▸ **HOW TO COMPLETE THIS TASK**: Transcribe the entries below exactly, starting with the line that has "Two colleagues reviewing" and stopping after the line that has "A small kitchenette"; no pictures belong in the copy.

▸ **SUPPLIED RECORDS**:
○ ○ ○ ○ ○ ○ ○
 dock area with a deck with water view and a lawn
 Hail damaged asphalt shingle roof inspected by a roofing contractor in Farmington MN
○ ○ ○ ○ ○ ○ ○
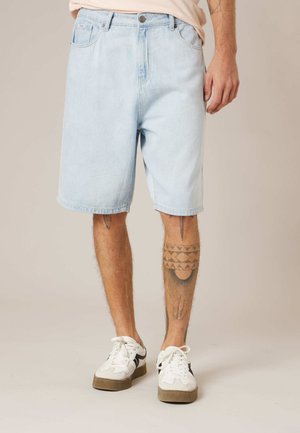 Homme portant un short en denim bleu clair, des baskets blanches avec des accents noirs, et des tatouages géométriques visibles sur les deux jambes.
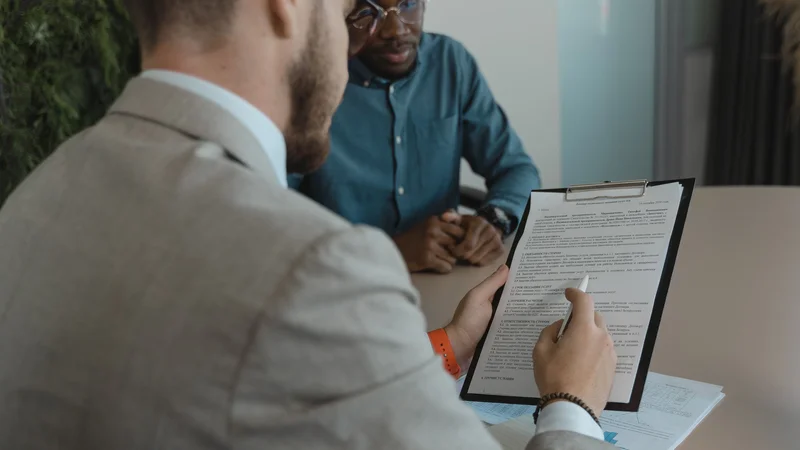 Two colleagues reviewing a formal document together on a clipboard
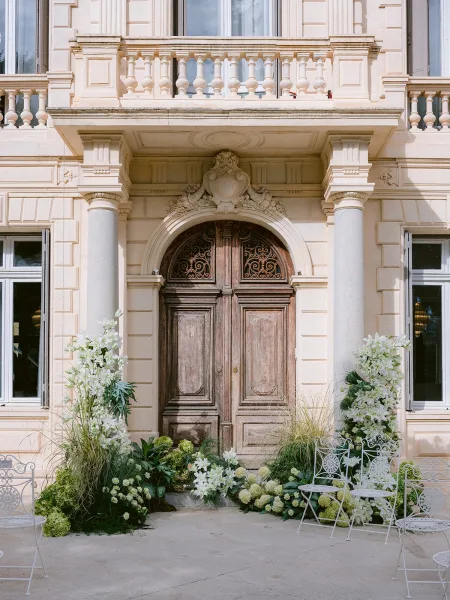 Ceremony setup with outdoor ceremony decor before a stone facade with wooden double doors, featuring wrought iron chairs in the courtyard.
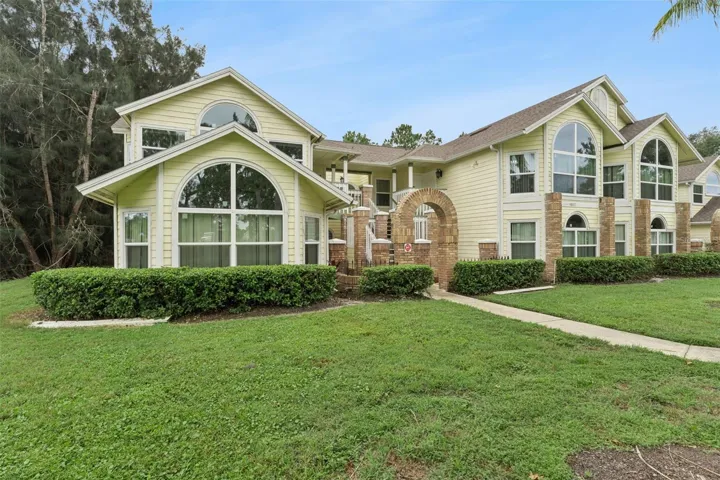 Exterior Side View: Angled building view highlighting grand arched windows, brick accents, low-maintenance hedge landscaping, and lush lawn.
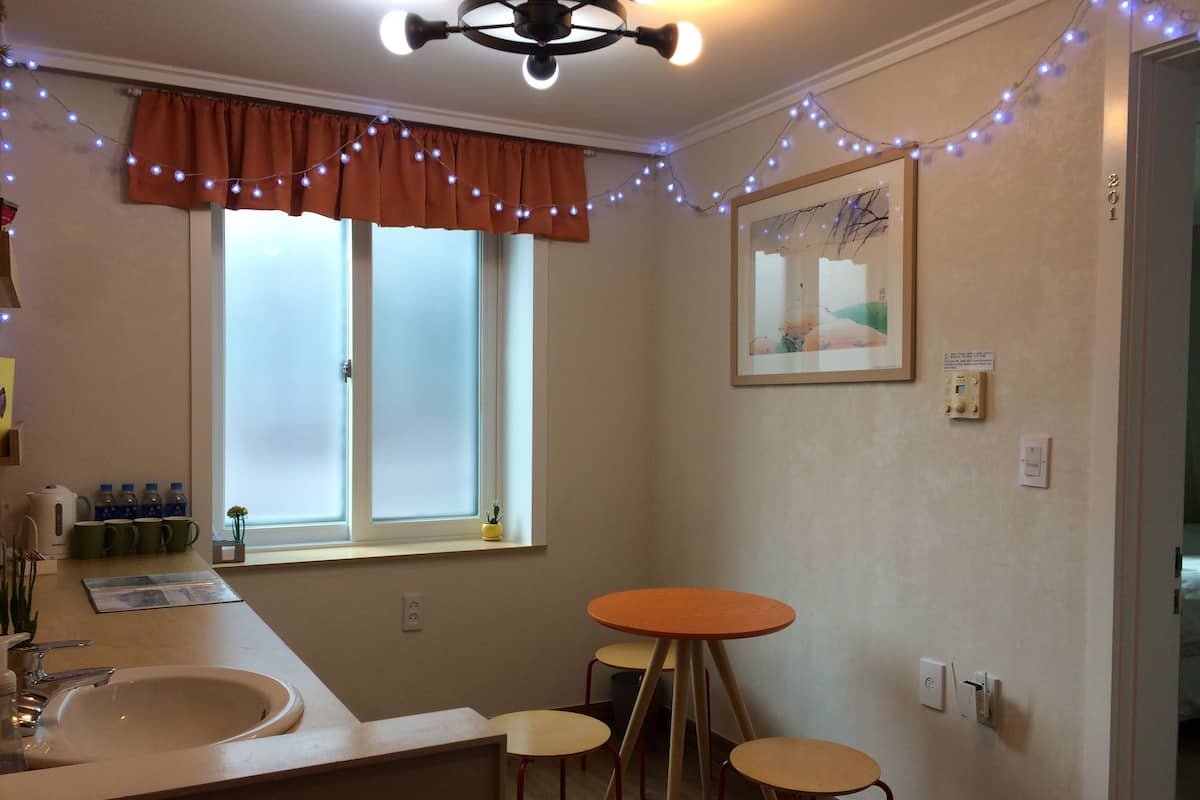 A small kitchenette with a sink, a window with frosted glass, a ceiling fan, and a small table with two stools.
○ ○ ○ ○ ○ ○ ○
▸ **EXERCISE RESULT**:
 Two colleagues reviewing a formal document together on a clipboard
 Ceremony setup with outdoor ceremony decor before a stone facade with wooden double doors, featuring wrought iron chairs in the courtyard.
 Exterior Side View: Angled building view highlighting grand arched windows, brick accents, low-maintenance hedge landscaping, and lush lawn.
 A small kitchenette with a sink, a window with frosted glass, a ceiling fan, and a small table with two stools.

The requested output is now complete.